Facebook's Scalable Continuous Delivery System

The software industry has adopted many practices—continuous integration, continuous delivery, agile development, DevOps, and test‑driven development—to enable developers to release code quickly, safely, and in small incremental steps.

Facebook’s development and deployment workflow has evolved into a flexible, pragmatic system that does not strictly follow any single methodology, allowing rapid releases of both web and mobile products.

Before 2017, Facebook used a simple trunk‑based branching strategy with cherry‑picks, pushing the web site three times a day. Engineers would cherry‑pick tested changes from the main branch to a release branch, resulting in 500‑700 cherry‑picks daily and a new weekly release branch containing unpicked changes.

This approach scaled well as the engineering team grew from a few hundred in 2007 to thousands, but manual effort to coordinate daily and weekly deployments became unsustainable. By 2016 the trunk‑based model hit its limits, handling over 1,000 diffs per day and up to 10,000 diffs per week.

In April 2016 Facebook introduced a “quasi‑continuous deployment” mechanism, rolling it out gradually—first to 50% of employees, then to 0.1%, 1%, and finally 10% of production traffic—to validate tools, processes, and ensure no degradation of user experience.

After nearly a year of planning and development, by April 2017 all production servers for the web site were running code directly from the main trunk.

The deployment workflow includes:

Passing a suite of internal automated tests before code can be merged to the trunk.

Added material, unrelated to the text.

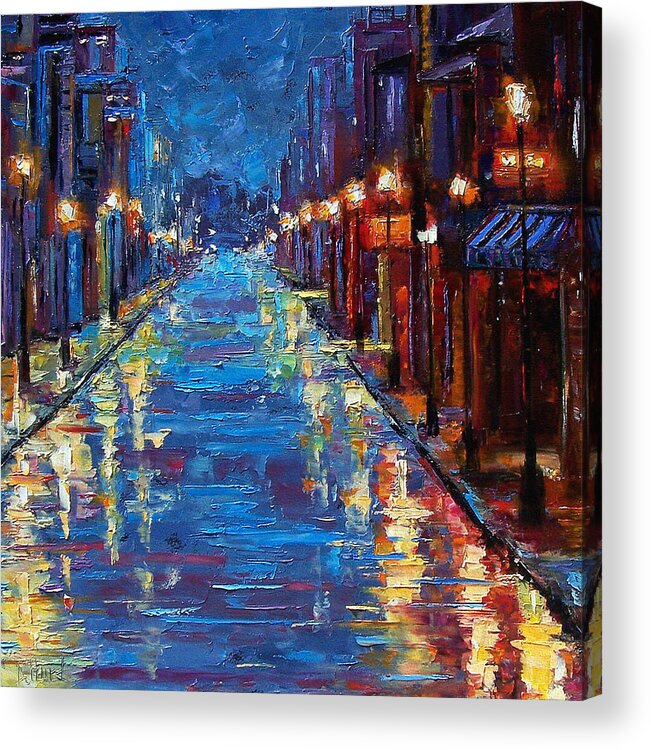 Cityscape Acrylic Print featuring the painting New Orleans Bourbon Street by Debra Hurd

Pushing the diff to internal users.

If everything is healthy, the change is rolled out to 2% of production, quality signals are collected, and alerts are monitored.

Finally, the change is rolled out to 100% of production, with the Flytrap tool aggregating user reports and alerting on anomalies.

The Gatekeeper feature‑flag system separates feature rollout from code version, allowing quick disabling of problematic features without rolling back code.

Benefits of this quasi‑continuous deployment include eliminating the need for hot‑fixes, providing better support for globally distributed engineering teams, driving improvements in tooling and infrastructure, and delivering a faster, better user experience.

For mobile, Facebook faced additional challenges because many existing tools hinder rapid iteration. They built a dedicated stack—including Buck, Phabricator, React Native, and the static analysis tool Infer—organized into three layers: build, static analysis, and testing.

Each commit triggers builds for multiple products (Facebook, Messenger, Instagram, etc.) across all supported architectures, runs linters and Infer to catch null pointers, leaks, and policy violations, and executes thousands of unit, integration, and end‑to‑end tests (Robolectric, XCTest, JUnit, WebDriver). Android builds alone number 50,000–60,000 per day.

Applying these practices reduced the mobile release cycle from four weeks to one week, using the same branch/cherry‑pick model as the web team, with canary releases to 2% of users and a beta pool of about one million Android testers.

Despite a fifteen‑fold increase in the mobile engineering team and a higher deployment frequency, productivity and code quality remained stable, as shown by consistent issue rates per commit.

Facebook’s release engineering team continues to improve the process, sharing tools and best practices to help other organizations achieve scalable, reliable continuous delivery.